Saved data entries:
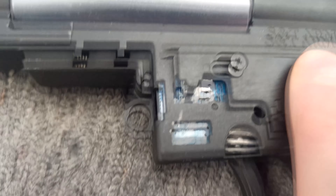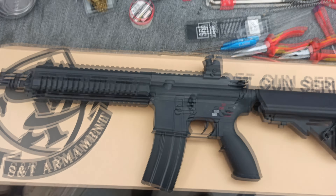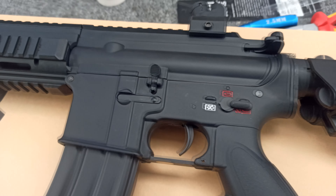This is an S&T Armament budget 416. We have an ETU in it. This is how it changes to full auto. This is the actual gun.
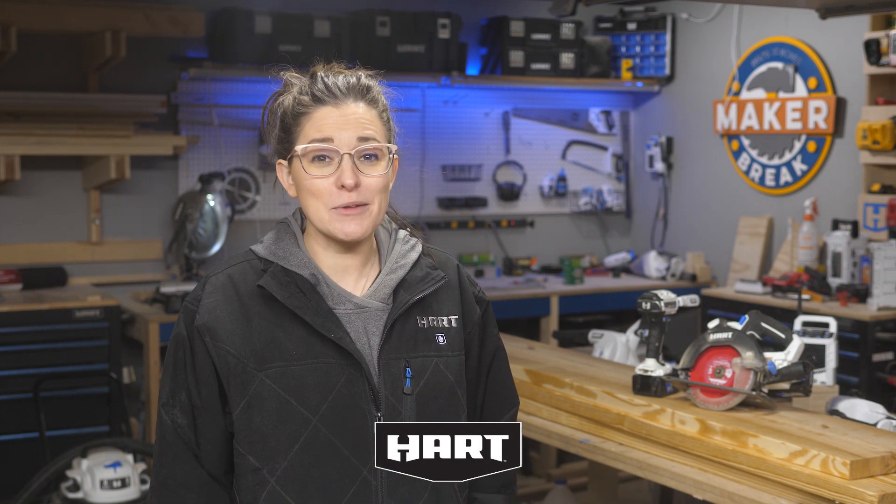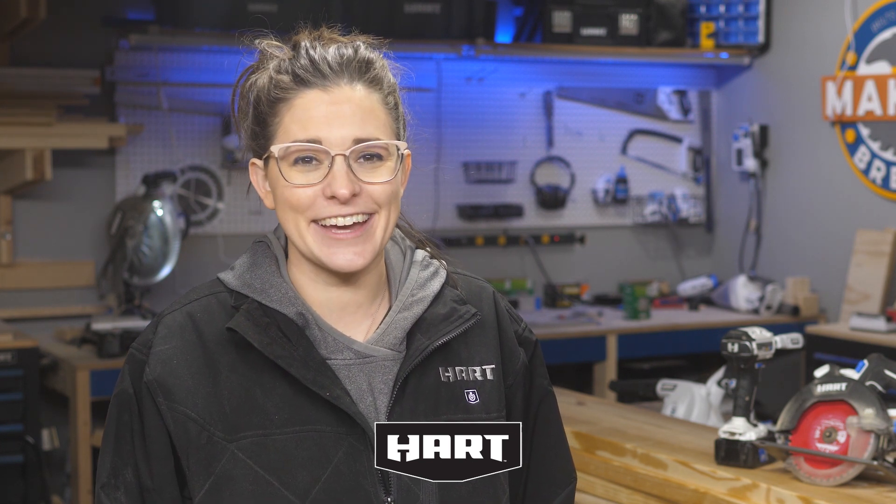Thanks for joining us today, Erin. If you're not already following her, I'll link to her YouTube channel in the description. I want to thank Heart for sponsoring this episode and reminding us that we can build anything we can imagine if we do it with heart. If you love DIY, be sure to subscribe before you go, and join us this and every Friday for the next Make or Break. See you then.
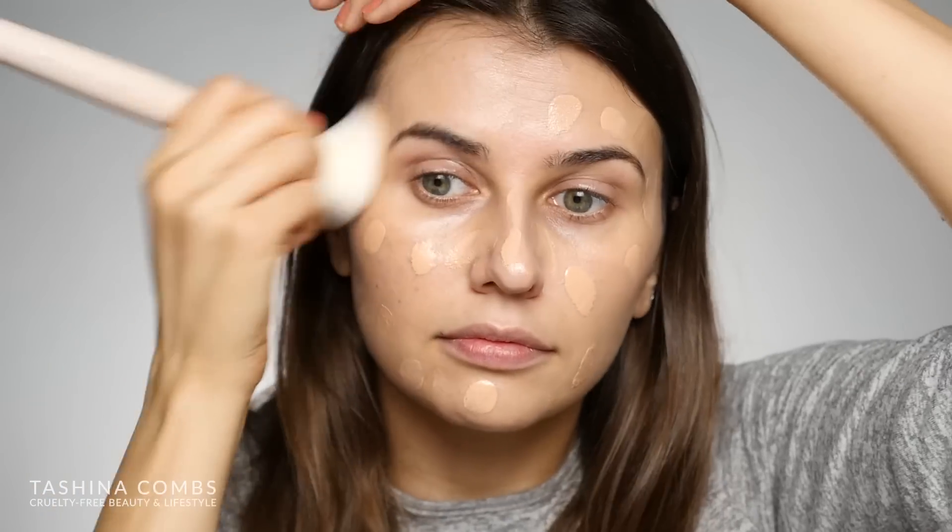Now I'm going to move on to concealer. Today I'm using the long last concealer with super fruits in the shade golden peach — currently the lightest shade I have from them, though they do have several lighter shades. This is a cream concealer. There's also the naked concealer, which I really love — it's a cream formula in a tube with a wand. This one is really good for covering under eye circles, and it's a bit more full coverage than the naked concealer, and I feel like it's better for spot correction as well. I'm also applying it anywhere I'd want to highlight.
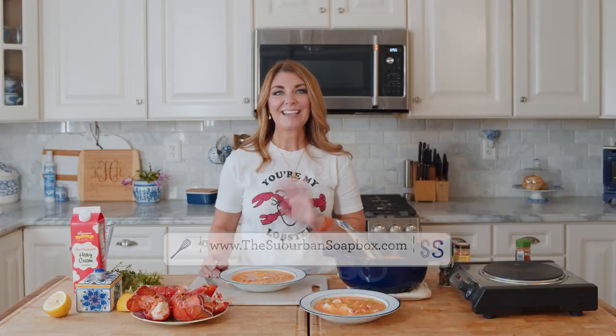Thank you so much for watching. If you like this video, please be sure to give me a like and subscribe to our channel. For more easy recipes, visit TheSuburbanSoapbox.com. Thanks again.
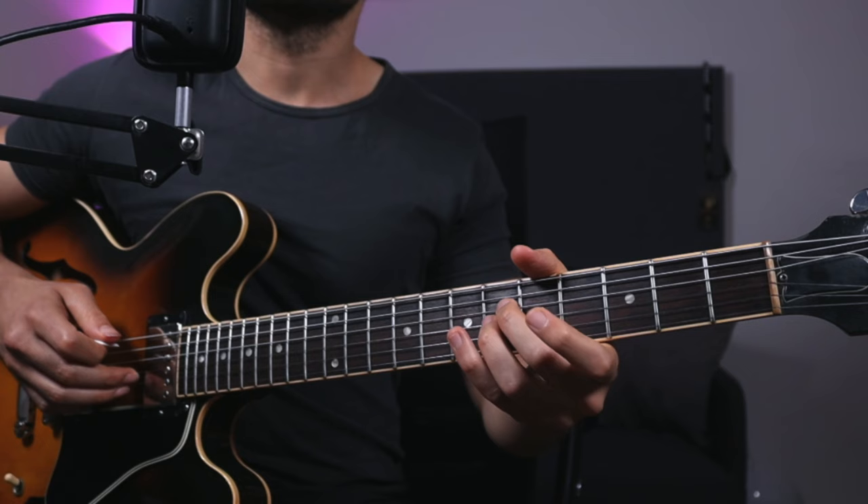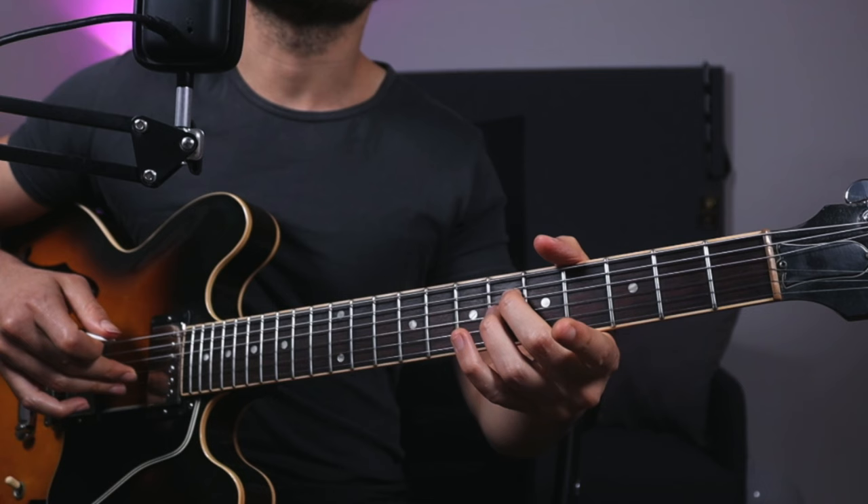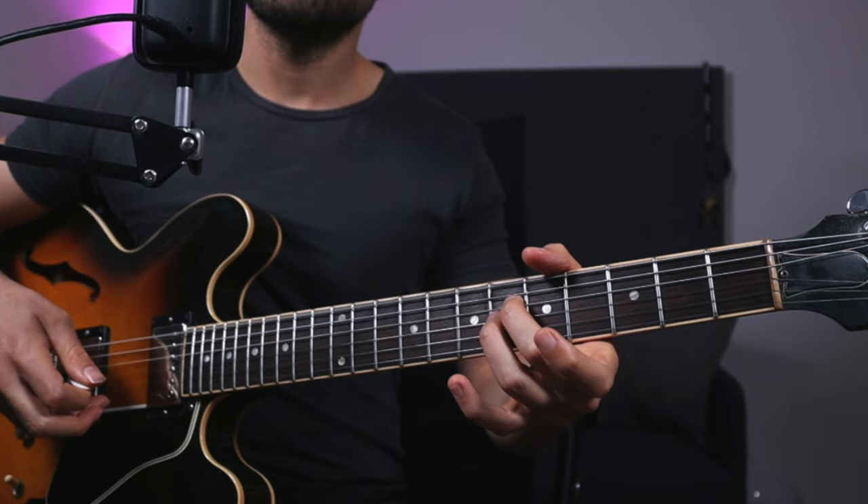You can play two notes with the fingers and then the pick — that's another variation. Two fingers, then pick, then the extra note. Or two fingers low and high put together — you can get this kind of pattern going.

> _What is required_: From the first line to the last, output the records exactly without pictures.

> _Result for this exercise_:
This is an S&T Armament budget 416. We have an ETU in it. This is how it changes to full auto. This is the actual gun.
Thanks for joining us today, Erin. If you're not already following her, I'll link to her YouTube channel in the description. I want to thank Heart for sponsoring this episode and reminding us that we can build anything we can imagine if we do it with heart. If you love DIY, be sure to subscribe before you go, and join us this and every Friday for the next Make or Break. See you then.
Now I'm going to move on to concealer. Today I'm using the long last concealer with super fruits in the shade golden peach — currently the lightest shade I have from them, though they do have several lighter shades. This is a cream concealer. There's also the naked concealer, which I really love — it's a cream formula in a tube with a wand. This one is really good for covering under eye circles, and it's a bit more full coverage than the naked concealer, and I feel like it's better for spot correction as well. I'm also applying it anywhere I'd want to highlight.
Thank you so much for watching. If you like this video, please be sure to give me a like and subscribe to our channel. For more easy recipes, visit TheSuburbanSoapbox.com. Thanks again.
You can play two notes with the fingers and then the pick — that's another variation. Two fingers, then pick, then the extra note. Or two fingers low and high put together — you can get this kind of pattern going.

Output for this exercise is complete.